Esas son las preocupaciones de una parte del país, representativa de los intereses políticos, económicos y sociales de amplios grupos, aunque su presencia mediática es tan dominante que parecerían representar el conjunto de la sociedad. ¿Es así? Por descontado que no. Hay muchas otras inquietudes que tampoco tienen fácil arreglo y que, a diferencia de las anteriores, se caracterizan por una marcada invisibilidad, expresión de una sociedad que funciona ordinariamente en planos disjuntos.

Entre ellas, permítanme referirme a las que afectan a los de abajo, en afortunada expresión de Mariano Azuela, es decir, a aquellos situados en el fondo de la escala social. Por ejemplo, esas mujeres, en general asiáticas, africanas o suramericanas, que entre las cinco y las seis de la mañana salen a calle para ir al trabajo. Y no puedo dejar de pensar a qué hora se habrán levantado (¿las cuatro de la madrugada?), con qué cariño habrán dejado preparado el desayuno de los suyos y cómo las recibirán sus hijos al final de la jornada. Me recuerdan las que limpian nuestros despachos en la Universidad, comenzando a las tres de la madrugada para estar puntualmente en Bellaterra a las cinco, iniciando una jornada que se extiende hasta más allá del mediodía y que continúa por la tarde en el ámbito doméstico.
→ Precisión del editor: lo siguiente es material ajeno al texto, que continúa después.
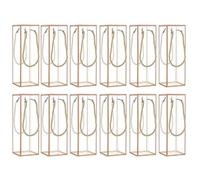 LearnLyrics Caja rectangular de PVC transparente, caja de embalaje de PVC - 12 piezas Clear Rectángulo Candy Box con bordes dorados y cordón | Bolsa de envoltura de flores de caramelo,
¿Cuánto ingresan por tamaño esfuerzo? ¿Alguien las ve? Muchos otros comparten con esas mujeres su invisibilidad. ¿Recuerdan la última vez que se han parado a pensar en la vida, personal o familiar, de los que limpian nuestras calles? Las expectativas que tenían en su juventud, las familias que han formado, el futuro de sus hijos, la preocupación por sus mayores… O en el insoportable calor que sufren aquellos trabajadores, también usualmente asiáticos, que preparan cuidadosamente sus kebabs, sus patatas fritas o sus ensaladas: ahora que la canícula aprieta, ¿cuánto pueden estar ganando tras ocho o más horas trabajando a esas temperaturas tan altas?

O, finalmente, en la invisibilidad de ese flujo de inmigrantes que arriba a las costas andaluzas y que, inmediatamente, parecen mimetizarse con el paisaje y desaparecer. Ni tiempo nos da para imaginar sus anhelos, el dolor por los que han abandonado, el que experimentan sus mayores por no conocer siquiera sus nietos, o la nostalgia que seguro les embarga al imaginar unos paisajes que no volverán a pisar.

Repasando esta constelación de personajes, la lista de mis inquietudes se me antoja ahora un tanto secundaria. Son, ciertamente, las mías, las de mi grupo social, y por ello son relevantes. Pero están muy alejadas de las de ese amplio colectivo invisible, que tiene el mismo derecho que nosotros a que se le tome en consideración. El dolor, el sudor y la nostalgia de esos millones de conciudadanos deberían obligarnos a relativizar nuestras cuitas. ¿Lo haremos? No, porque no va en nuestra naturaleza. Pero, para tener los pies en el suelo, convendría no olvidar que no somos el ombligo del mundo. Ni nosotros, ni nuestros problemas. Por importantes que nos puedan parecer.